Le département des Arts de l’Islam : ouverture des nouveaux espaces au musée du Louvre à Paris
En lien avec « les arts de l’Islam »
TDC n° 1047 du 1er janvier 2013
« Walid Raad, Préface à la première édition », au musée du Louvre du 19 janvier au 8 avril 2013.
En lien avec « Les arts de l’Islam »
TDC n° 1047 du 1er janvier 2013.Histoire / 1re
Par Thierry Widemann, chercheur en histoire à l’Institut stratégique de l’École militaire
DOC A Napoléon III, Histoire de Jules César, 1865-1866.
DOC B Statue de Vercingétorix par Aimé Millet, 1865.
DOC C Vercingétorix appelle les Gaulois à la défense d’Alaise, par François-Émile Ehrmann, 1869.
DOC D Vercingétorix jette ses armes aux pieds de César, par Lionel Royer, 1899.
DOC E Ernest Lavisse, La Nouvelle Première Année d’histoire de France, 1898.
Vercingétorix, défenseur de la patrie
DOC F G. Bruno, Le Tour de France par deux enfants, 1884.
DOC G Pline l’ancien, Histoire naturelle, 1er siècle.
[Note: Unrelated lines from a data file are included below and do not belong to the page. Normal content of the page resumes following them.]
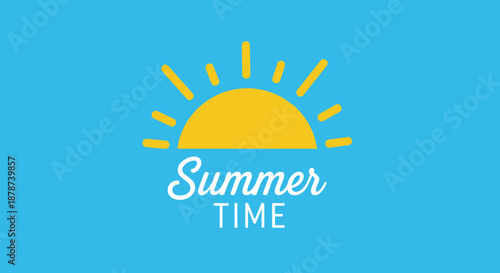 Bright yellow sun graphic on a clear blue sky background with the words Summer Time written in elegant white text.
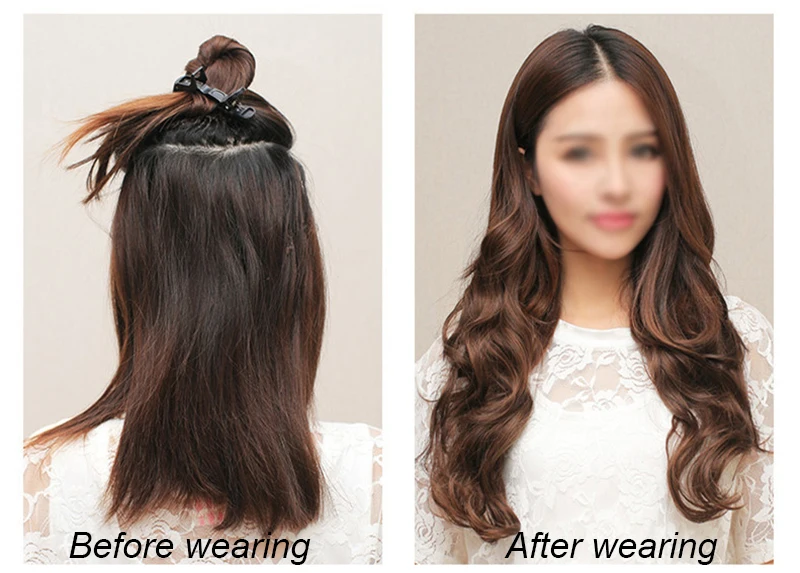 Natural Long Curly Wavy Hair Clip In On Hair Extensions 25 5inch
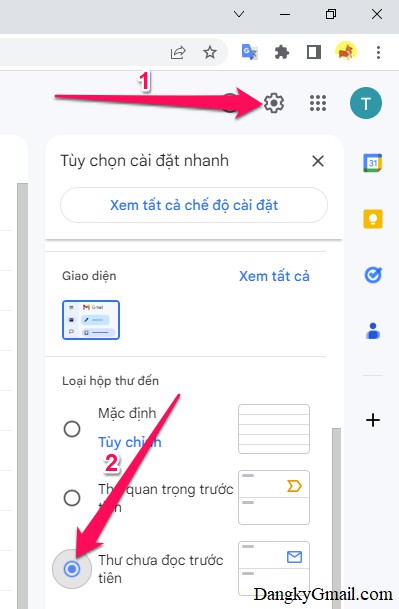 Cách hiển thị thư chưa đọc đầu tiên trong Gmail trên máy tính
Livre XXX.
DOC H « Le roi consulte un vieux druide ». Gustave doré, illustration pour Peau d’âne, 1867.
DOC G René Goscinny et Albert Uderzo, Astérix chez les Bretons, 1966.
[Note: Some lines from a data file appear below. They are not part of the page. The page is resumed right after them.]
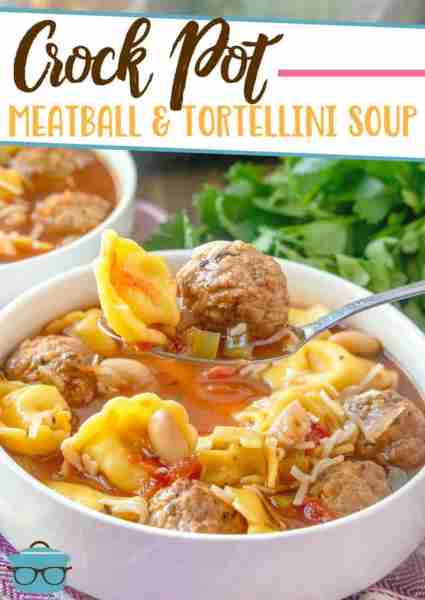 This easy Crock Pot Meatball and Tortellini Soup is an all-in-one slow cooker meal that is made with...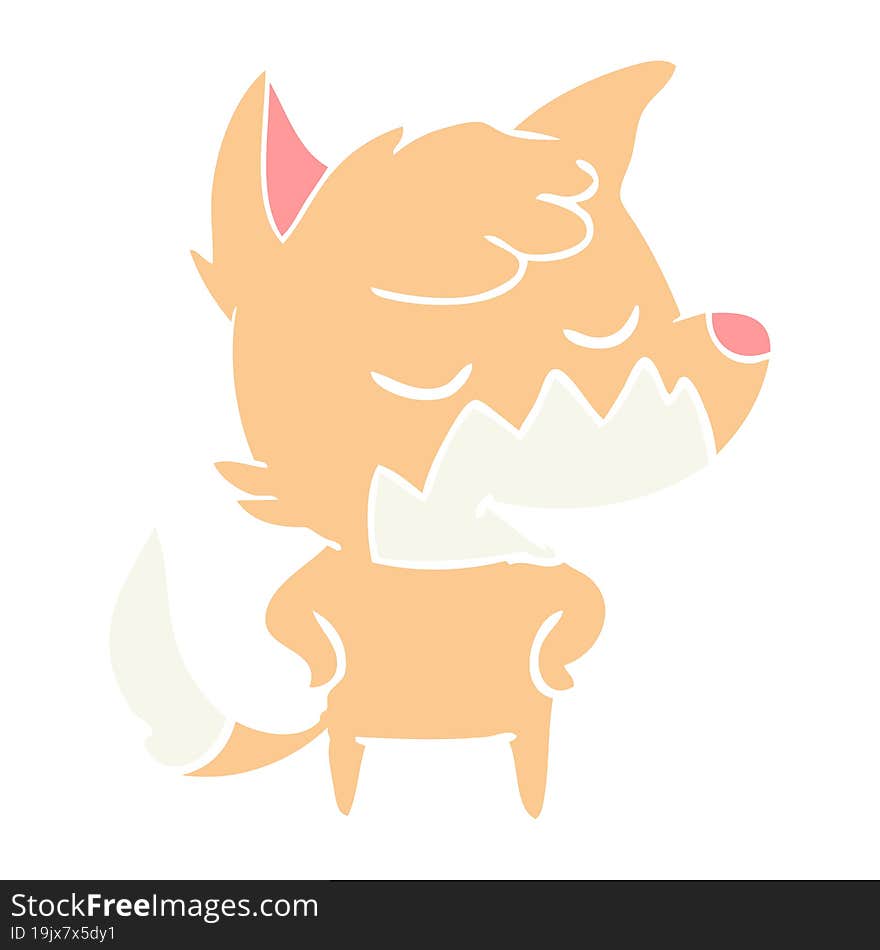 friendly flat color style cartoon fox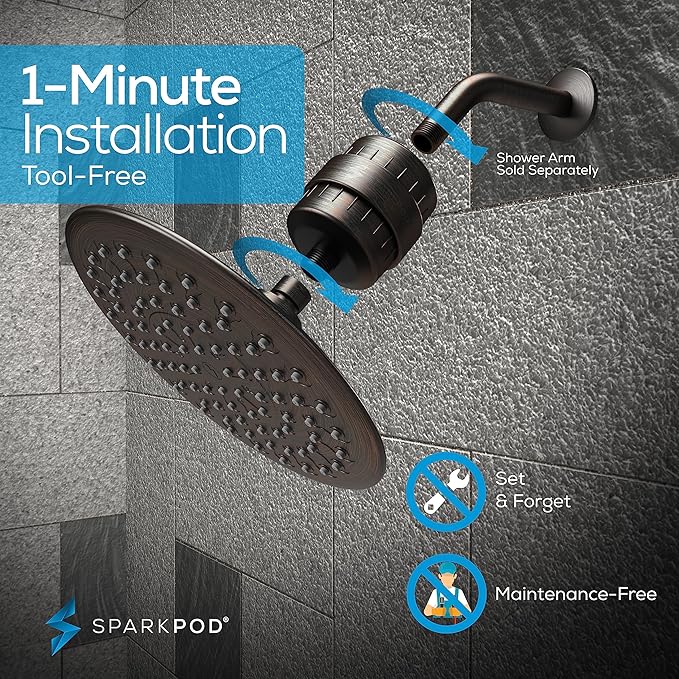 SparkPod Luxury Filtered Shower Head Set 23 Stage Shower Filter - Reduces Chlorine and Heavy Metals - High Pressure Showerhead Filter (9.5" Round, Vintage Oil Rubbed Bronze)
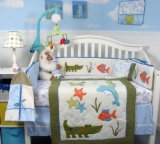 Sea Logoon Nursery Bedding Set 13 pieces included Diaper Bag with Changing Pad & Bottle Case by SoHo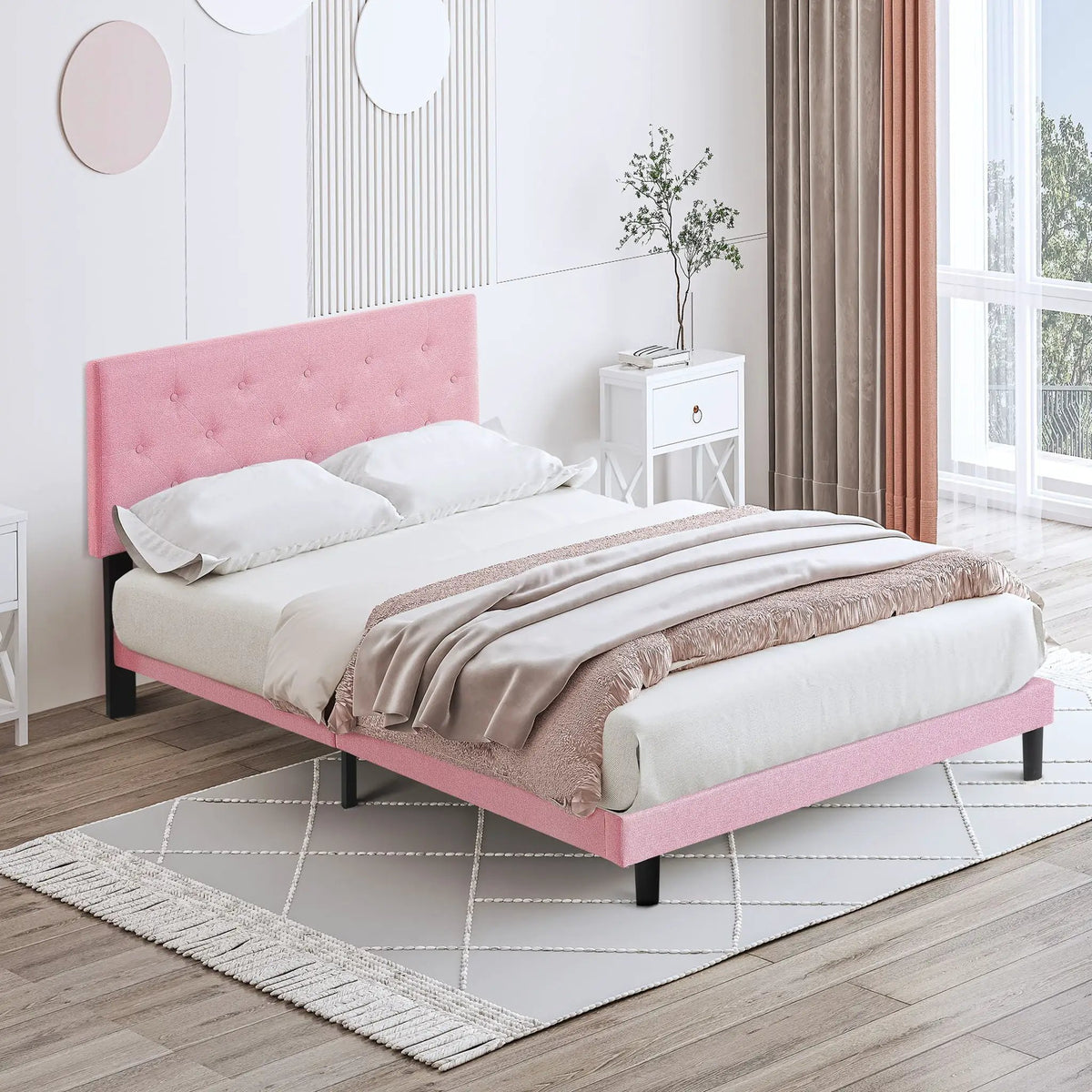 Platform Bed Frame | Button Tufted Headboard | Box Spring Free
C’est avec Amédée Thierry (Histoire des Gaulois, 1828) puis Henri Martin (Histoire de France, commencée en 1833) que les Gaulois vont arriver sur le devant de la scène avec un grand succès populaire. Dans ces récits, la France est devenue l’héritière de la Gaule. Cette histoire n’est pas celle des érudits, comme Michelet ou Fustel de Coulanges, qui considèrent que seules l’Égypte, la Grèce et Rome représentent une Antiquité digne d’intérêt. C’est une histoire populaire qui a pour fonction de définir, ou de redéfinir, l’identité de la France. Le Second Empire accentuera cette vocation idéologique et y ajoutant une composante politique : justifier une forme de pouvoir.
Ainsi, Napoléon III encourage les publications sur l’Antiquité, crée des chaires à l’École des chartes et au Collège de France, et fonde un musée des Antiquités nationales au château de Saint-Germain-en-Laye. Lui-même entreprend d’écrire une Histoire de Jules César. Son objectif est de célébrer le rôle historique des hommes exceptionnels capables d’orienter le destin d’une nation, même au prix de guerres.
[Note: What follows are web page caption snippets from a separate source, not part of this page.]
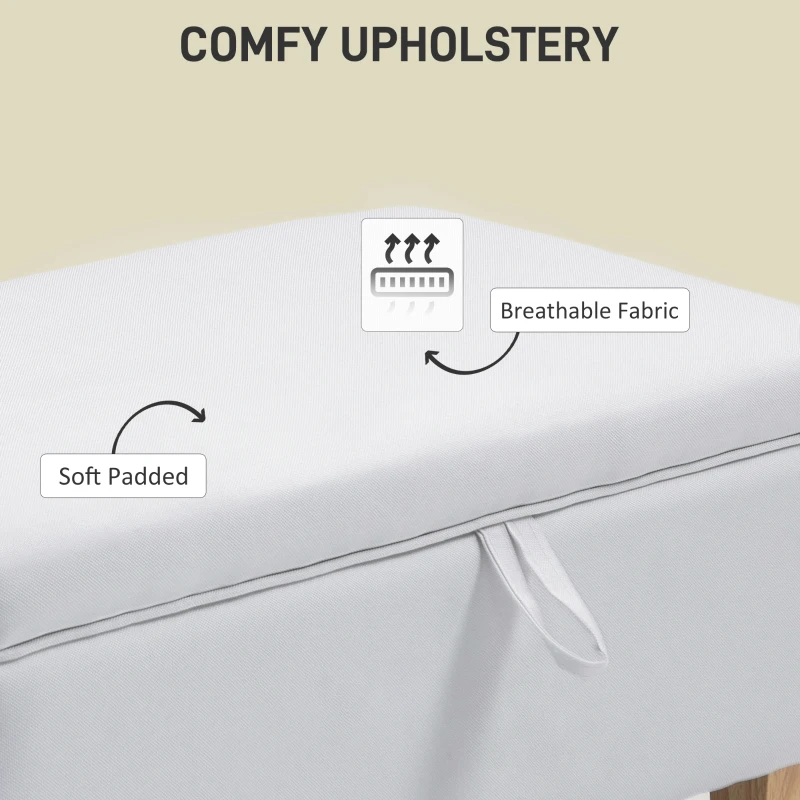 HOMCOM 30L Linen Storage Ottoman Padded Footstool with Rubberwood Legs for Storage Box, Bed End, Shoe Bench, Seating, Cream White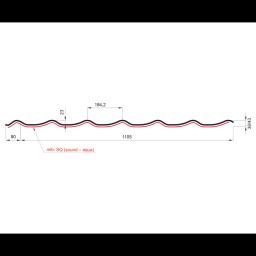 Кровельное покрытие UNI 1 SQ (sound – aqua)  - Лакированный алюминий  - Белый алюминий  -  Изображение 2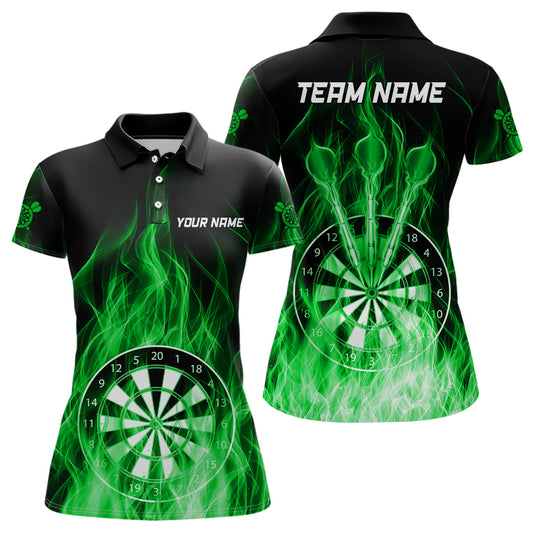 Feuer Flamme Dartboard 3D Dartpolo & 1/4 Reißverschluss personalisierte Dartshirts für Damen |Grün TDM3300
Il écrit ainsi dans sa préface : « Combien de luttes, de sang, d’années ne faudra-t-il pas encore pour que le bien que je voulais faire à l’humanité puisse se réaliser. » Le propos est délibérément idéologique et vise à justifier le césarisme. L’empereur met en place une équipe d’historiens, d’archéologues et d’officiers pour rendre compte de ce destin exemplaire. Le premier volume de son Histoire paraît en 1865. Il connaît un énorme succès, est traduit en huit langues, mais l’œuvre demeurera inachevée.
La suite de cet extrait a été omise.